1. Field of the Invention
This invention generally relates to null-balancing apparatus for measuring and controlling torque, and more specifically relates to the use of such apparatus for measuring fluid flow rate.
2. Background Information
Torque measurement is generally avoided in commercial products because of the difficulty in isolating the measurement means from the apparatus being measured. These limitations are the primary disadvantages of such means when applied to commercially available target flow sensors, which typically use a static strain gage arrangement to detect the torque produced by fluid impacting on a target.
Improved target meters have been disclosed by the inventor in his two current pending U.S. Patent Applications for moving target flow meters. One of these applications was filed on Apr. 1 2002 and has Ser. No. 10/113,411. The other of these applications was filed on Aug. 2, 2002, and has Ser. No. 10/211,211. Moreover, in his U.S. Pat. No. 5,948,978, entitled Induction Heated Mass Flow Sensor, the inventor has described an electromagnetic actuator (see FIGS. 4 and 4A therein) similar to that used in the present invention. The disclosures of U.S. Pat. No. 5,948,978, 10/113,411 and U.S. Ser. No. 10/211,211 are included herein by reference.
The invention provides null-balancing apparatus for measuring a rate of flow of a fluid impacting a vane fixedly attached to a vane shaft journaled within a housing. This apparatus preferably comprises a torque linking mechanism linking the vane shaft to a drive shaft arranged to be turned by a drive shaft actuator disposed within the housing and journaled within a yoke. The torque linking mechanism is carried by the yoke and arranged so that a first torque applied to either one of the drive the output shafts results in a second torque applied to the other of those two shafts, and so that the applied torque moves the yoke away from its selected normal setting. The apparatus also comprises a feedback control circuit; a position sensor for supplying an imbalance signal to the feedback control circuit responsive to the motion of the yoke away from its normal setting; a yoke actuator for supplying, under control of the feedback control circuit, a restoring force to the yoke to drive the yoke towards the normal setting; and a signal processor for deriving, from an electrical parameter representative of the restoring force, the rate of flow of the fluid impacting the vane.

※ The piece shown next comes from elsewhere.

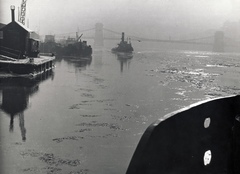 Hungary, Budapest V.,Budapest I., a Széchenyi Lánchíd a Dunáról, a Parlament felől nézve., 1935, Szöllősy Kálmán, bridge, river, barge, Danube, Budapest, Fortepan #149502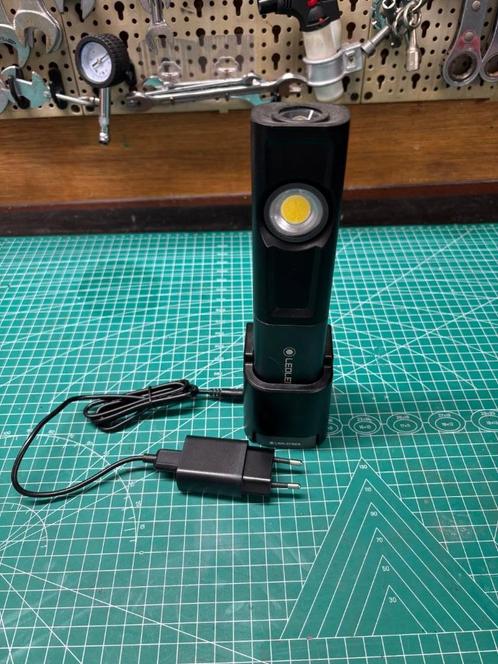 Ledlenser 502005 iW7R LED Werklamp werkt op een accu 600 lm, Caravans en Kamperen, Zaklampen, Nieuw, Accu, Ophalen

In a preferred embodiment of the invention, the yoke position is sensed photoelectric displacement detector comprising two photodetectors illuminated with radiant energy from a single photoemitter so that a part of the yoke structure differentially blocks a portion of that energy reaching the photodetectors. The output from the photodetectors vary inversely corresponding to the offset of the yoke position from its initial straight alignment and their signals are used by an amplifier to power an electromagnet producing magnetic flux which acts on a pair of permanent magnets attached to the yoke in a feedback arrangement to restore the initial alignment
A preferred embodiment of the invention uses a gear train having three gears connected in series between a motor and its load. Both the motor drive shaft and the output load shaft are journaled for rotation within bearings fixed to a housing or other fixed support The drive shaft is also journaled within a yoke, and the shaft of the intermediate gear is journaled only with the yoke. In this arrangement, if unrestrained, the intermediate gear would tend to orbit around the motor gear. In the null-balancing measurement arrangement of the invention, however, the yoke position is electronically detected by a suitable position sensor and a correcting torque is applied by electromagnetic means to the yoke to maintain the normal meshed alignment of the gears. Electrical signals used to produce the correcting torque are a measure of the torque applied to the load gear.
Other embodiments of the invention provide for turning the output shaft through less than a complete revolution. In some such embodiments the torque linking mechanism comprises a rocker arm carried by a yoke that co-acts with axially oriented eccentric drive pins mounted on rotating elements fixedly attached to the drive and output shafts.
In another embodiment of the invention, a Hall effect magnetic sensor detects the magnetic flux from the two permanent magnets. This sensor signal is also used with an amplifier to power an electromagnet which acts on the two permanent magnets attached to the yoke to restore the initial straight alignment.
In a further embodiment, the output shaft is used to rotate a vane in a fluid stream so that the torque measurement resulting from the effects of the fluid flow on the vane is used to provide a measure of the fluid flow rate. Thus, it is a particular object of this invention to provide an improved means for measuring torque and in particular, to apply that to target flow meters.
In some embodiments the drive shaft actuator is not an ordinary electric motor, but comprises an electromagnet that co-acts with a pair of oppositely poled permanent magnets eccentrically attached to a drive disk that is fixedly attached to the drive shaft.
Although it is believed that the foregoing recital of features and advantages may be of use to one who is skilled in the art and who wishes to learn how to practice the invention, it will be recognized that the foregoing recital is not intended to list all of the features and advantages. Moreover, it may be noted that various embodiments of the invention may provide various combinations of the hereinbefore recited features and advantages of the invention, and that less than all of the features and advantages may be provided by some embodiments.